Pictures in the data should be dropped; transcribe exactly the lines from the one that has "A modern kitchen" through the one that has "Living room boasts".

*Record set*:
=-=-=-=-=

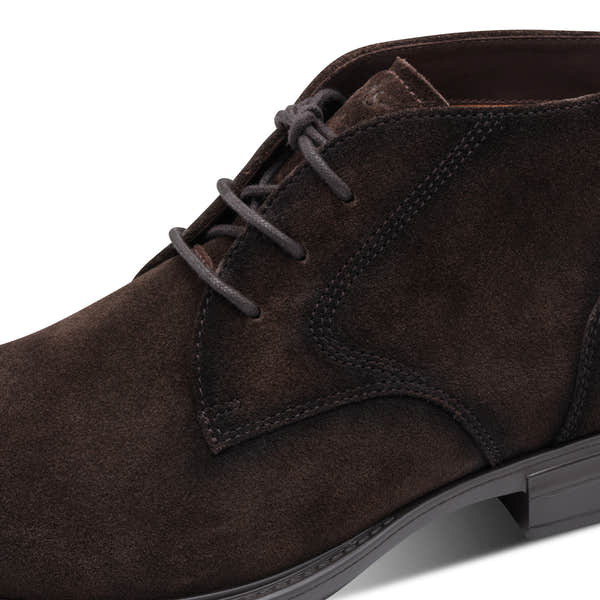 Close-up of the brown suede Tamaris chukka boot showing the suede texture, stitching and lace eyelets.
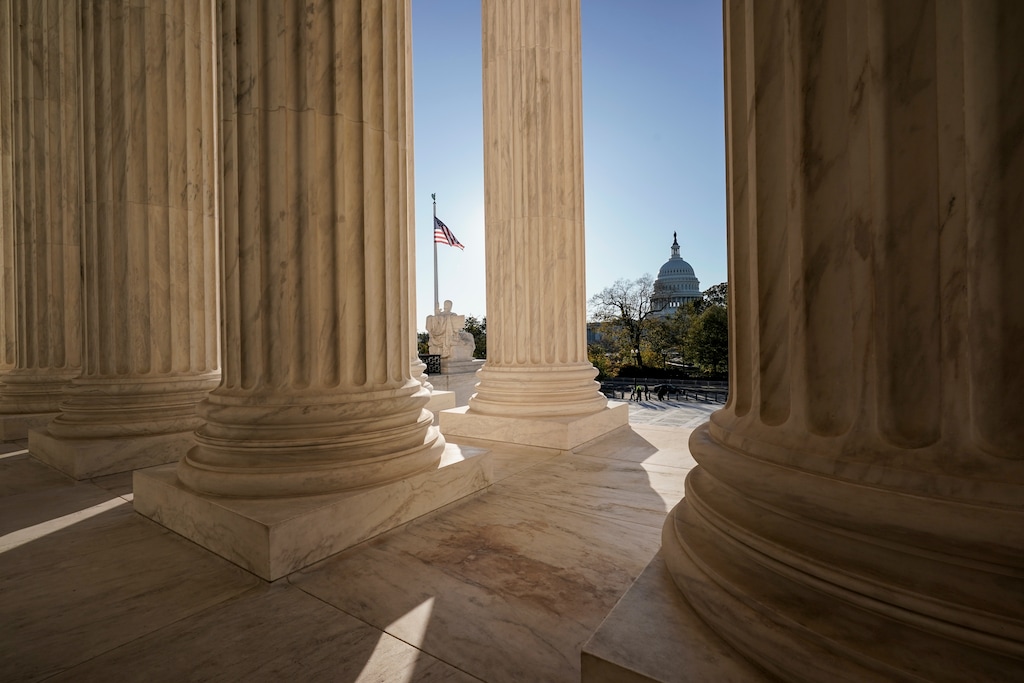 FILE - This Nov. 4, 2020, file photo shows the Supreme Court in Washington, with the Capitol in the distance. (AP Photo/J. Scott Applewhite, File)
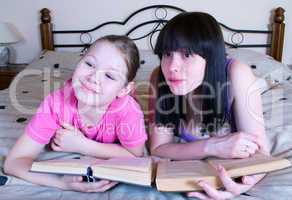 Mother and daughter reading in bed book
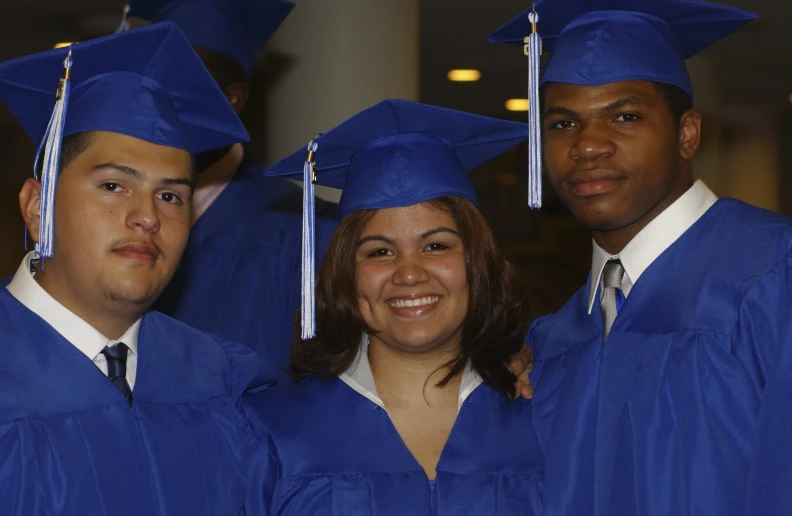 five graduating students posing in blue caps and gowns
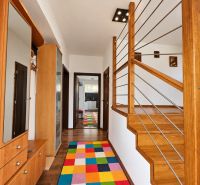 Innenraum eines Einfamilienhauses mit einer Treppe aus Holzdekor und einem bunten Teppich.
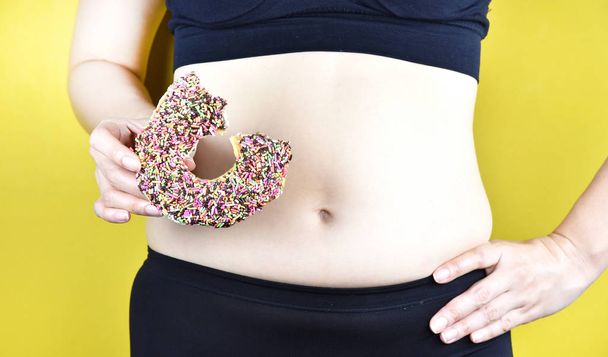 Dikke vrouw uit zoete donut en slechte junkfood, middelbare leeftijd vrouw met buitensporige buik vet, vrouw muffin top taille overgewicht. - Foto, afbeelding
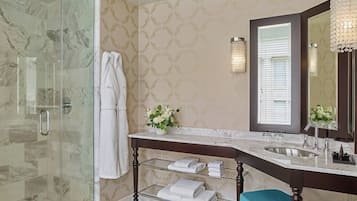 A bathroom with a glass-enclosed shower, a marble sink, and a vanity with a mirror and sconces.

=-=-=-=-=

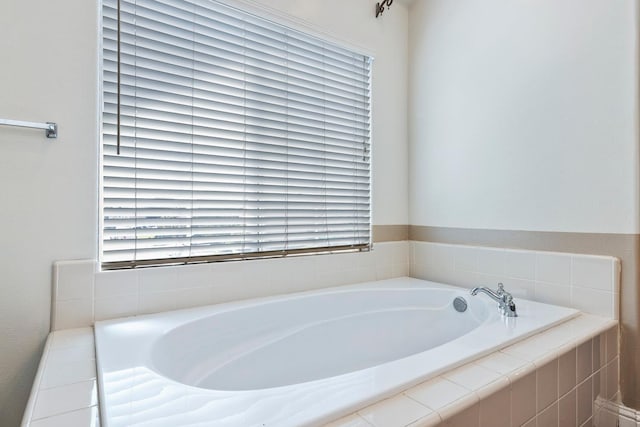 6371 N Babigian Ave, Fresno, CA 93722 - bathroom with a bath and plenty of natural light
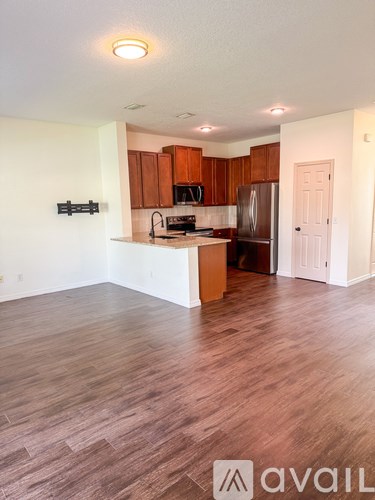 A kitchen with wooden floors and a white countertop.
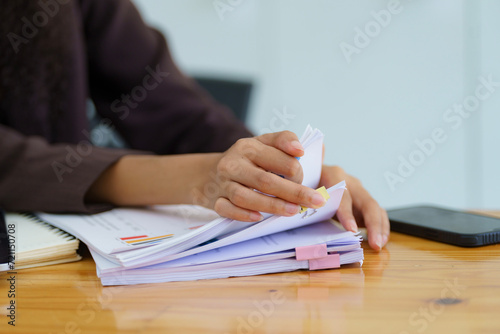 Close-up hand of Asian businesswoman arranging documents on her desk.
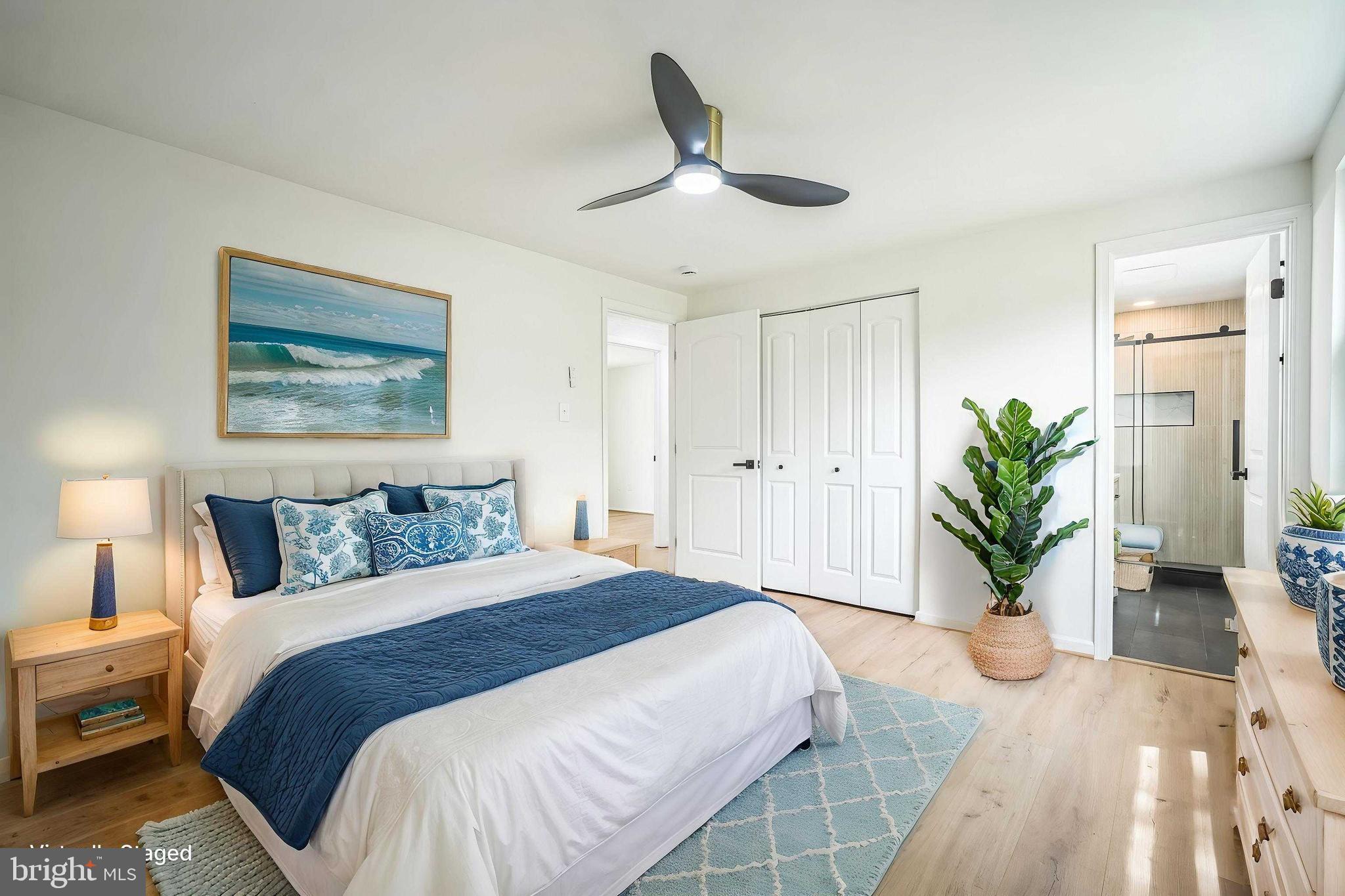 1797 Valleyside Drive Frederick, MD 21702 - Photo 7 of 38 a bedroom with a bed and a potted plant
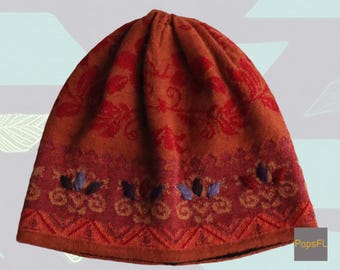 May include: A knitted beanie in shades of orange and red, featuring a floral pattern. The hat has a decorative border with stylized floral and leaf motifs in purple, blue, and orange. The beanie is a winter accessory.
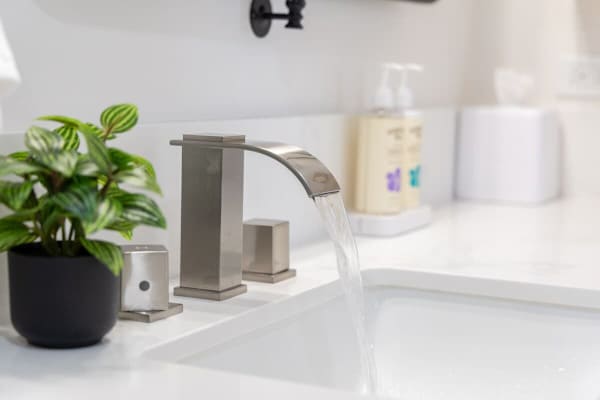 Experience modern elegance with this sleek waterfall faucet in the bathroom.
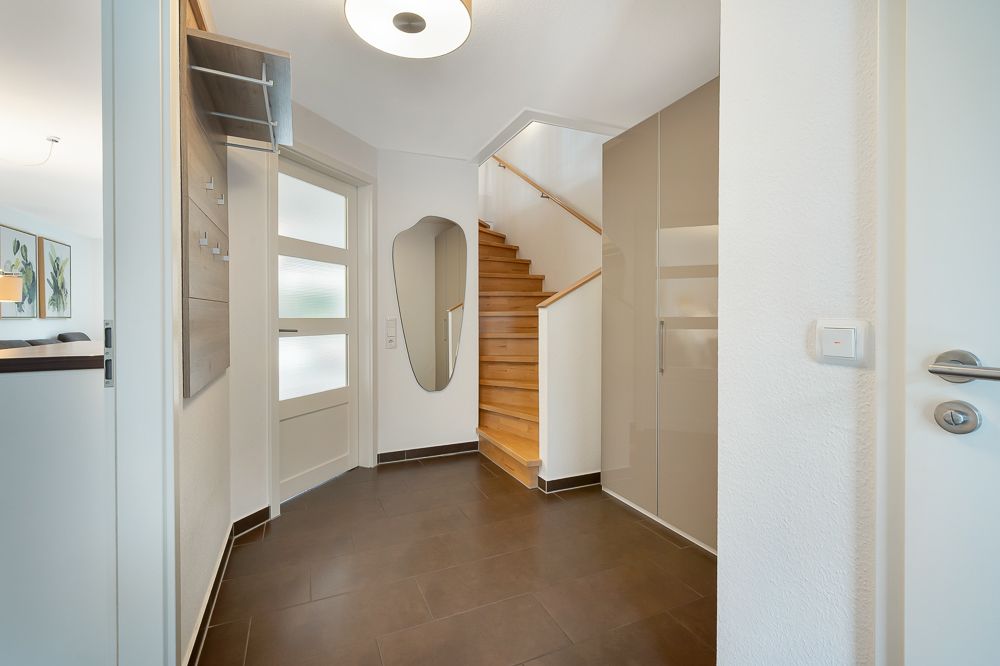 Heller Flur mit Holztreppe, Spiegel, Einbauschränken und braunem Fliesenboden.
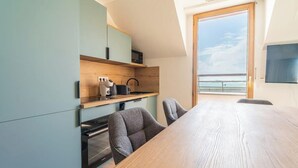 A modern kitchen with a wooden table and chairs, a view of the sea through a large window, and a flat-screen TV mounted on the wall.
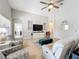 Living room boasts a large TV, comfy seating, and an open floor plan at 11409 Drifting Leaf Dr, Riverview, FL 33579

=-=-=-=-=

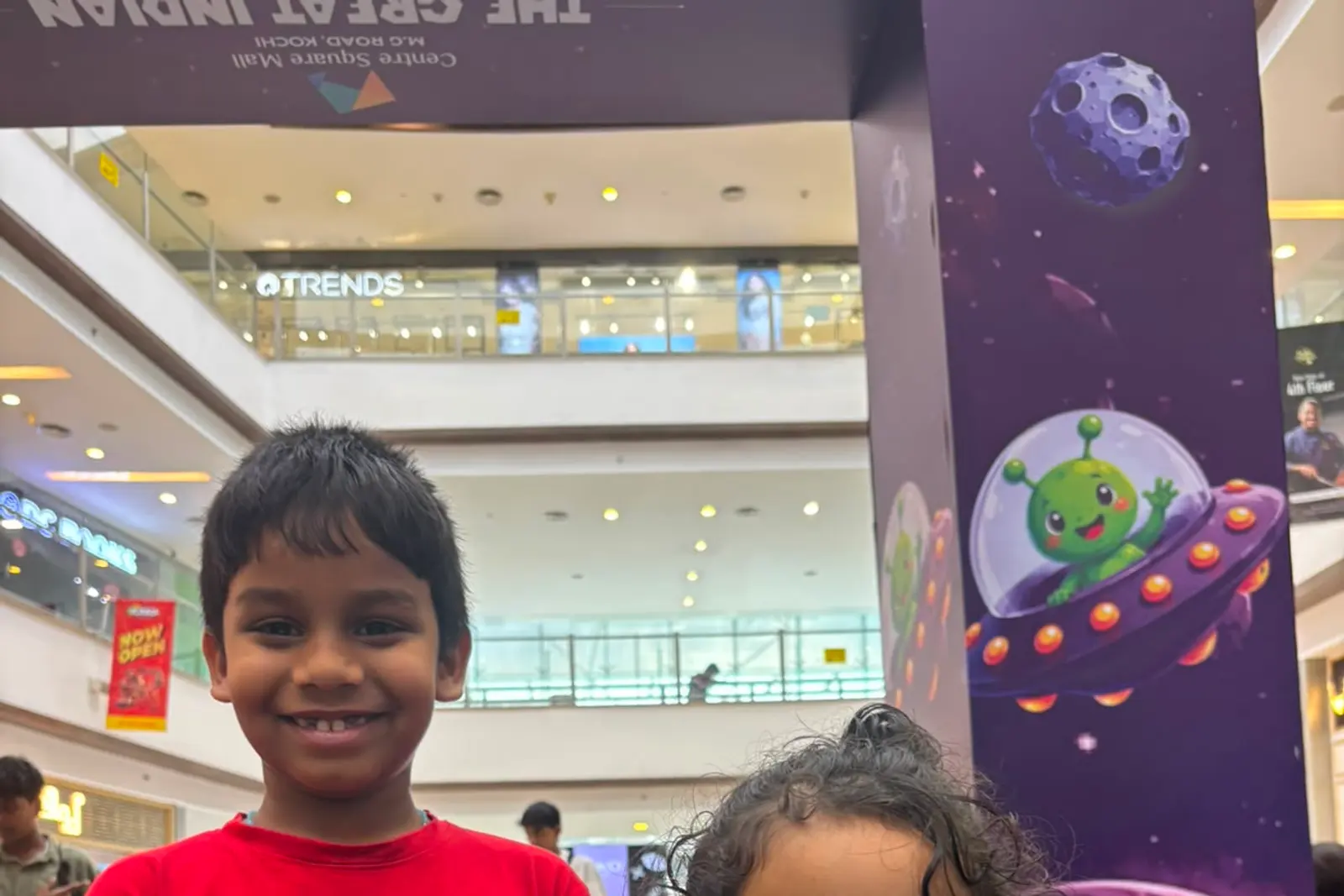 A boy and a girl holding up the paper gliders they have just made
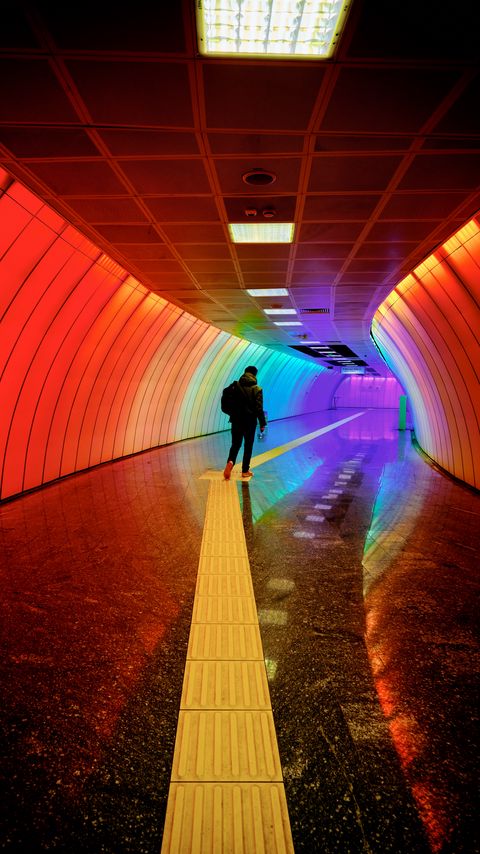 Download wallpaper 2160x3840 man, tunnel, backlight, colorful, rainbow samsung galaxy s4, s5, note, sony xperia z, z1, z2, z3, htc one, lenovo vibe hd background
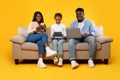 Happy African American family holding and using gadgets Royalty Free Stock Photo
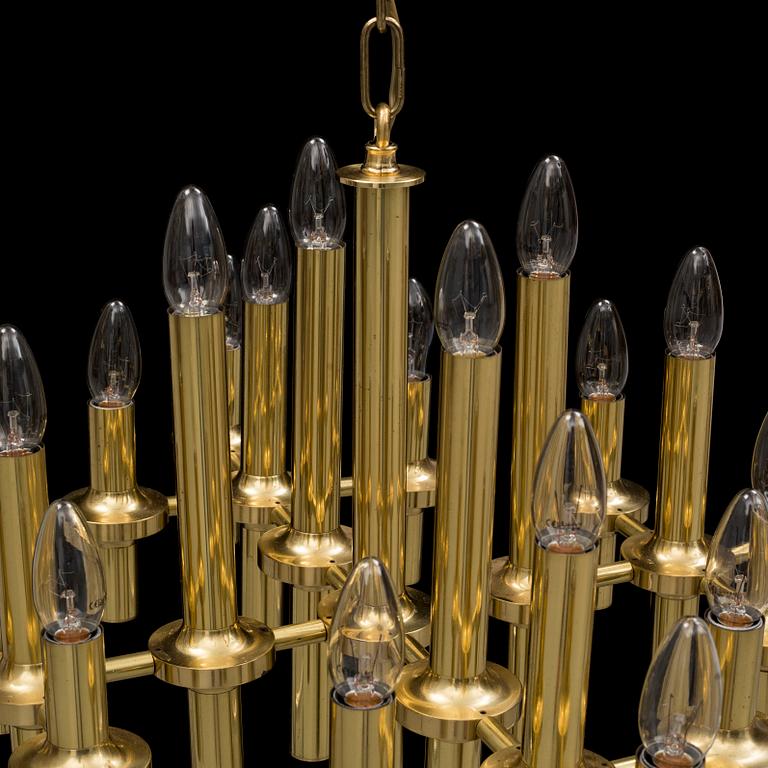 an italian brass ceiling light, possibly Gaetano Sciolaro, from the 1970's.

=-=-=-=-=

*Result for this task*:
 A modern kitchen with a wooden table and chairs, a view of the sea through a large window, and a flat-screen TV mounted on the wall.
 Living room boasts a large TV, comfy seating, and an open floor plan at 11409 Drifting Leaf Dr, Riverview, FL 33579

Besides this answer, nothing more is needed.